Cybersecurity Staff Training & Refreshers

Consider making this month the occasion with which you begin a yearly practice of cybersecurity training, or do your yearly refresher on cybersecurity best practices with both clinic practitioners and staff. Everyone who has access to patient data or computers which access it needs to understand how they play a critical role in protecting your clinic from cyberattacks and privacy breaches. We are lucky to have excellent resources on cybersecurity that are tailored to clinics thanks to DTO’s collaborations with UBC and SFU; find links to these free courses for MOAs and clinic staff on our cybersecurity training resource page.

Keeping Systems and Software Up To Date

Software updates are not just there to add more features or fix problems; they also provide critical fixes to vulnerabilities. This is why it is critical to keep your clinic’s computer software and operating systems up to date with all security patches.

Windows 10 End of Life

If your computers are using Windows 10, they will stop receiving security updates on October 14, 2025. In order to remain protected with critical operating system security updates, you will need to upgrade your computers’ operating systems to Windows 11 (if possible) or purchase computers which support Windows 11.

If you haven’t had time to figure out what to do about this yet, you can sign up to receive a 1 year extension for critical security updates through the Extended Security Updates Program, but this will only provide critical security updates until October 2026.

Cyberattacks

Learning about the strategies used in different types of cyberattacks can help you identify when they are being attempted, as well as ways you can mitigate the risk that they will succeed. Fundamentally, all cyberattacks focus on finding and exploiting a security vulnerability, and often can use more than one type of vulnerability to gain access. Common vulnerabilities are things like software that hasn’t been kept up to date, simple passwords that are shared across accounts or systems, unsecured networks, or even physical security issues that allow for easy physical access to devices that are used to access patient data.

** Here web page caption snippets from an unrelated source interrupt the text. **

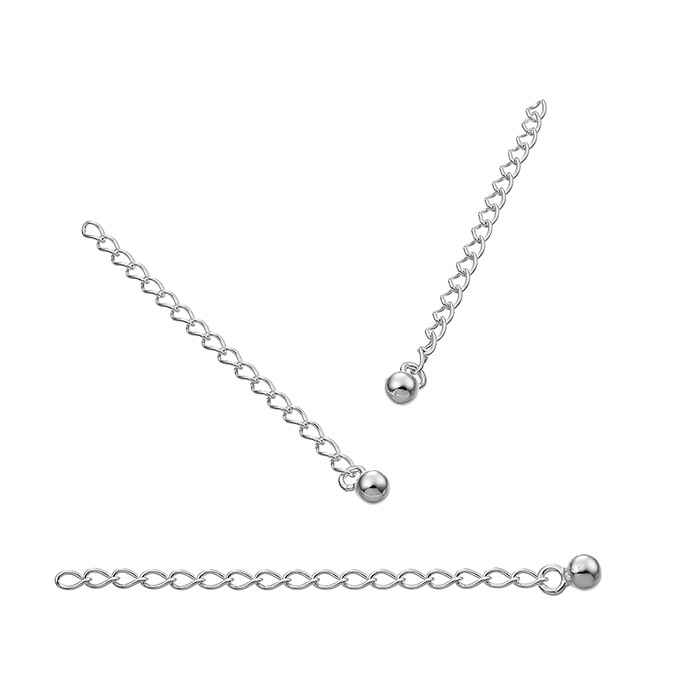 5cm rolo extender chain with 4mm bead (10pcs)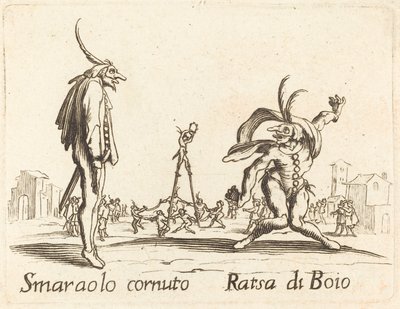 Smaralo Cornuto i Ratsa di Boio autorstwa After Jacques Callot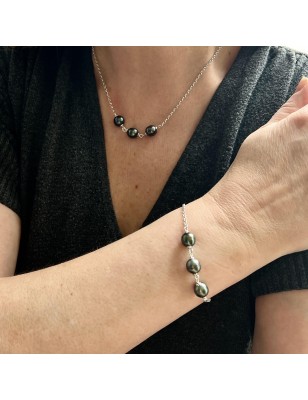 Tahitian pearl set - Tahitian bracelet and necklace price - perla Tahiti - tahitian jewelry stores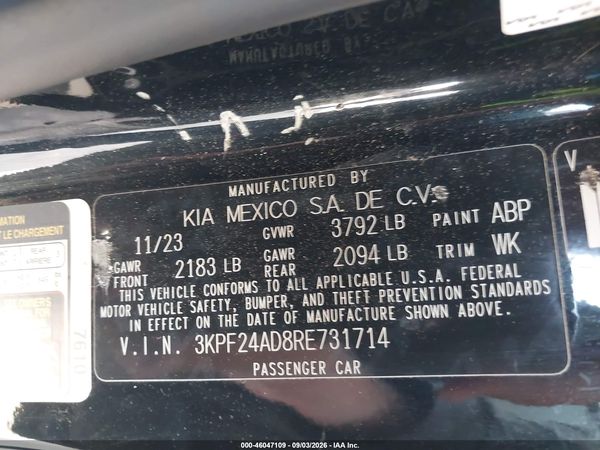 2024 KIA FORTE LXS — I9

One of the most common strategies for cyberattacks is something called social engineering. This is the practice of manipulating or deceiving someone into giving the attacker access to a system or sensitive information, whether they realize it or not. This is why staff training and awareness is so critical in preventing a successful breach or cyberattack; if they are able to identify and respond appropriately, you can reduce the risk of a privacy or data breach.

Phishing

Phishing (pronounced ‘fishing’) is a cyberattack that uses social engineering in order to steal information about you, your clinic, or your patients. This information can be usernames and passwords, contact information, patient data, account numbers, money, or other operational information. It is most typically done over email, but can also be done over text message or even phone. It most often will attempt to direct the person to view a photo or attachment, visit a website, or fill out a form.

Ransomware

Ransomware is a type of malware that encrypts all of the files on a device and then presents a message demanding a “ransom” (usually in the form of cryptocurrency like Bitcoin) be paid in the next 24-48 hours in exchange for decrypting your data. These malicious programs are often designed to spread silently across a network, and some types of ransomware will not activate until all devices on a network are infected. If a ransomware victim is not able to restore their computers from “clean” backups (that haven’t been infected), they may lose all of the data stored on their machine, and will have to do a fresh install of their operating system on each and every infected device in order to recover.